Angrier Jokes

Following is our collection of calmer humor and wifey one-liner funnies working better than reddit jokes. They include Angrier puns for adults, dirty furious jokes or clean livid gags for kids.

There is an abundance of quicker jokes out there. You're fortunate to read a set of the 9 funniest jokes on angrier. Full with funny wisecracks it is even funnier than any nags witze you can hear about angrier.

The Best jokes about Angrier

I told my gf the world was flat and she became angry with me

I told her she was my world and she got angrier

A little black kid covered himself with baby powder.

A little black kid covered himself with baby powder and ran up to his mom screaming, "Mama, mama! Look, I'm white!". His mom was very upset and gave him a spanking and told him, "Go and tell your auntie what you told me!"
So he ran up to his auntie and said "Auntie, auntie! Look, I'm white!" His auntie got even angrier and belted him, and said "Go and tell your grandmother what you just told me"
So he ran up to his grandmother and said "Grandma, grandma!

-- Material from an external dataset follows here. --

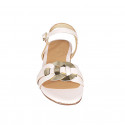 Sandale pour femmes avec accessoire en cuir d'or et courroie en cuir rose talon 2 - Pointures disponibles:  32, 33, 42, 43, 44, 45, 46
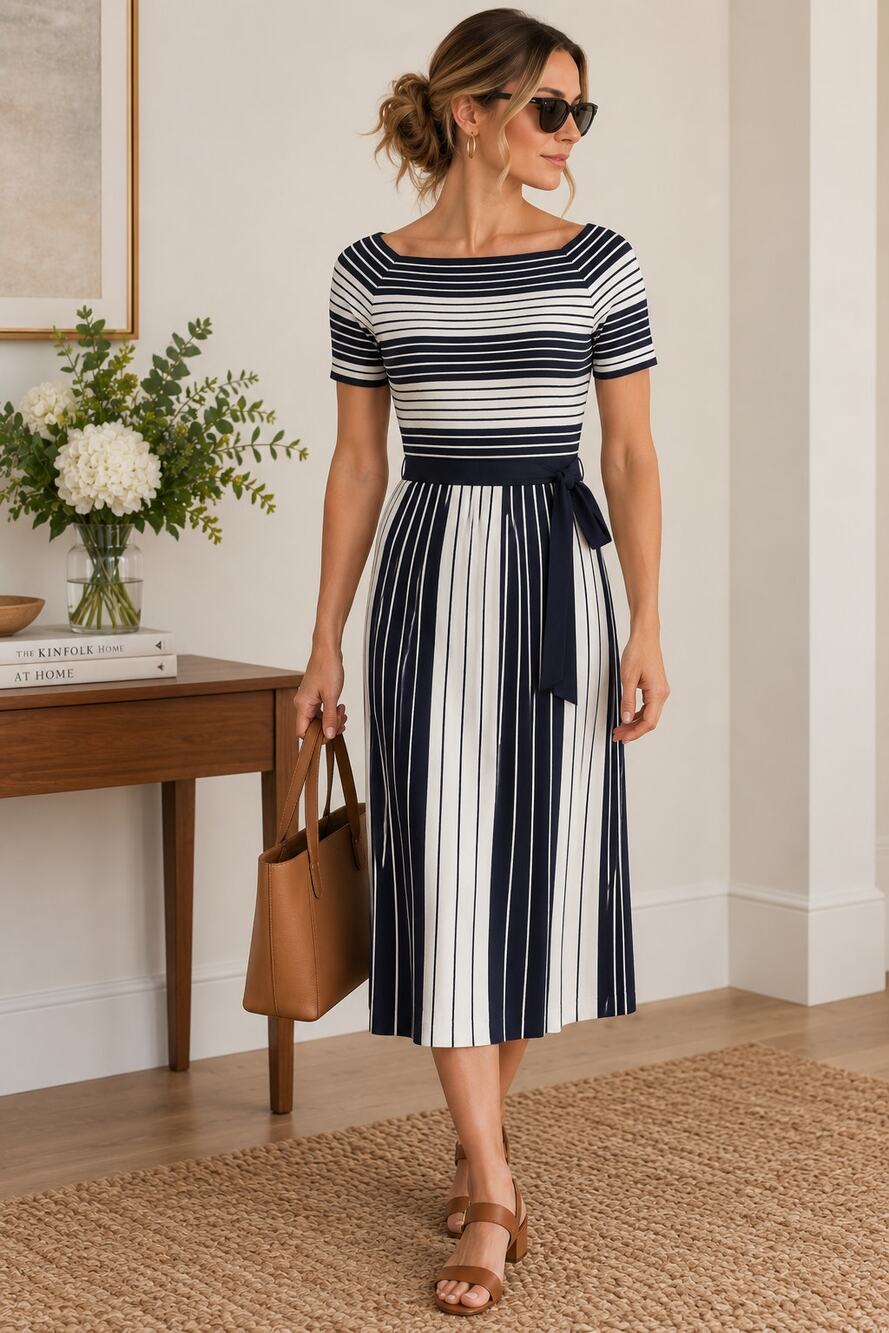 Boden Aida Dress Navy Ivory Stripe Belted Fit Flare Midi Dress Size 4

Look, I'm white". She got even angrier and beat him harder than both his mom and aunt combined.
After she was done, she asked him, "So what have you learned from this?"
And the kid responded, "I've only been white for about ten minutes and I already hate black people".

A dad has 3 daughters and 1 son

They all live in a pretty casual house.

One day, one of his daughters came into his room and said: "Um, hey Dad, I'm lesbian."
Fuming, he sends her to her room angrily.
Then comes his 2nd daughter: "Um, hey Dad, I'm lesbian too"
The father is now angrier than humanly possible, right then, the 3rd daughter came in: "Um, hey Dad, I'm also lesbian..."
With all the might he can, he shouts: "DOES NOBODY IN THIS DAMNED HOUSE LIKE BOYS?!"
In comes his son: "Um, hey Dad..."

Did you hear about the robot that was angrier than half of the other robots?

It was in mean median mode.

My friend was angry when NASCAR banned the Confederate flag from the races

But he got angrier when I pointed out they still wave it on the final lap every race


I wake up happy, slowly get angrier, then eventually start lightening up and by bedtime I've come full circle and am happy one again

I've got pi-polar disorder

If I was Jesus I'm not sure what would make me angrier..

The fact that everyone is making my birthday about them

or that my dad isn't real

Why are nuns always angrier than priests?

Nuns can't have sex

No matter how angry you get about something...

... you can't any angrier than a midget with a yo-yo.

Use only working piadas for adults and blagues for friends. Note that dirty and dark jokes are funny, but use them with caution in real life. You can seriously offend people by saying creepy dark humor words to them.